● REQUIRED WORK
What you output must match, exactly, the lines from the start of the records to the line containing "Then at every", both ends kept and pictures excluded.

● Collection entries
+++++
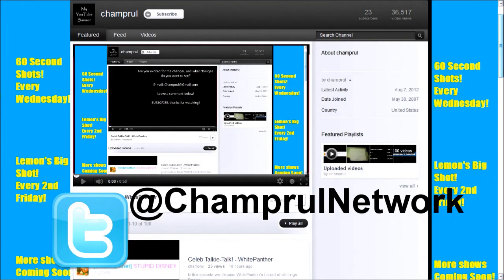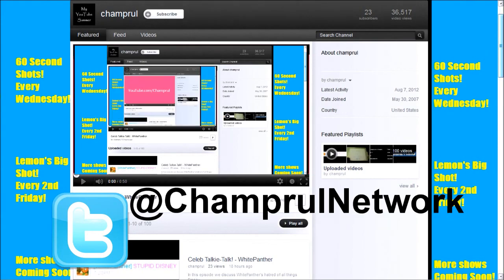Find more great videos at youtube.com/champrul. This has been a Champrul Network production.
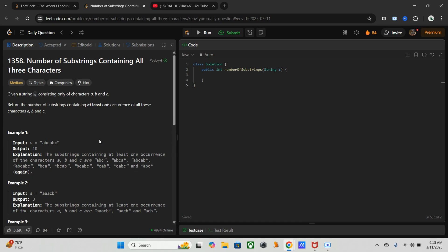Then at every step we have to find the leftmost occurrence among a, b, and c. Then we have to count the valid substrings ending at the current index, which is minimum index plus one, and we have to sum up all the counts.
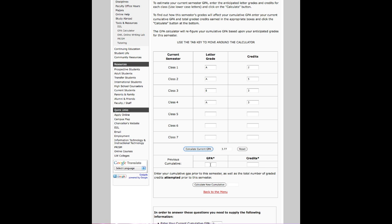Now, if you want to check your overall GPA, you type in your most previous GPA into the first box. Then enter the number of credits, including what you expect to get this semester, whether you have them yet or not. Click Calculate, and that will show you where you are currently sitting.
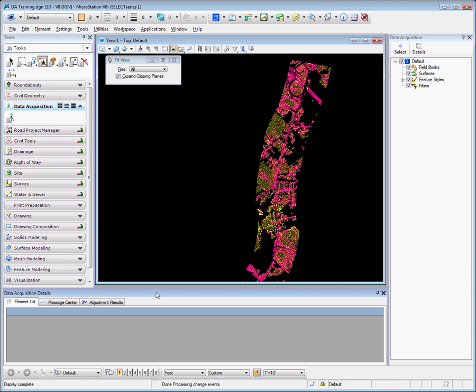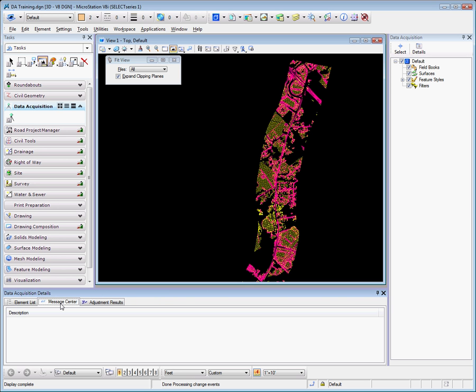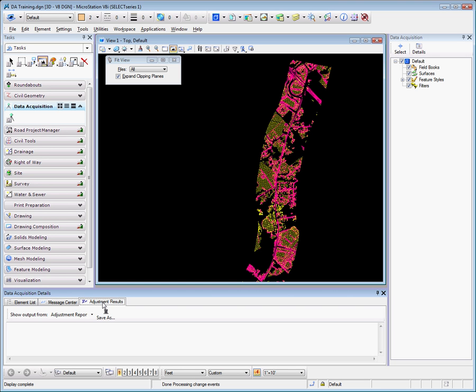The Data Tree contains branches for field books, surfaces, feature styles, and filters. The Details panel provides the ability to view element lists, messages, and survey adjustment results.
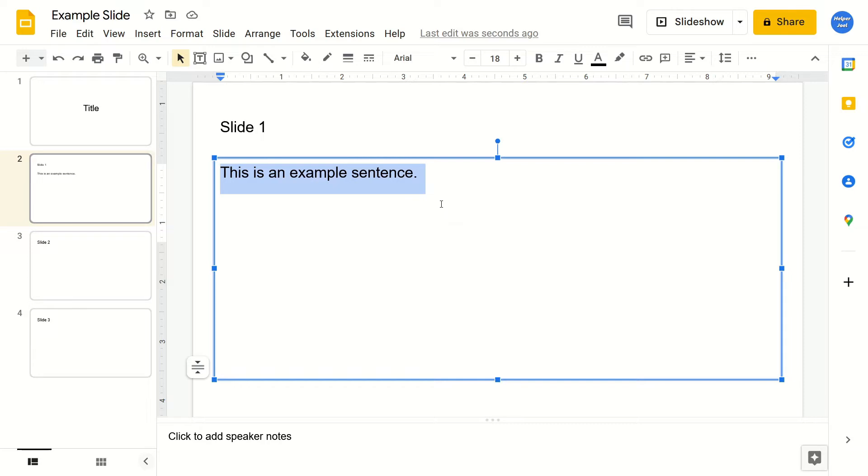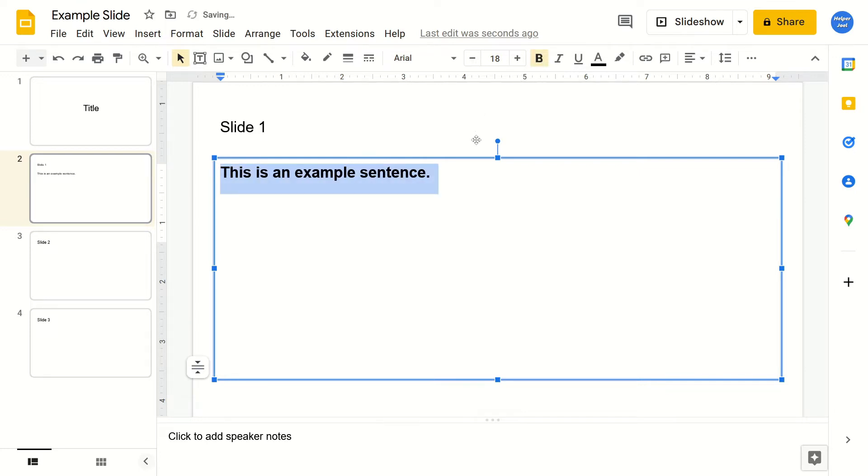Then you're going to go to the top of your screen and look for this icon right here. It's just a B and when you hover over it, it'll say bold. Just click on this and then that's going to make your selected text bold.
+++++
● RESPONSE
Find more great videos at youtube.com/champrul. This has been a Champrul Network production.
Then at every step we have to find the leftmost occurrence among a, b, and c. Then we have to count the valid substrings ending at the current index, which is minimum index plus one, and we have to sum up all the counts.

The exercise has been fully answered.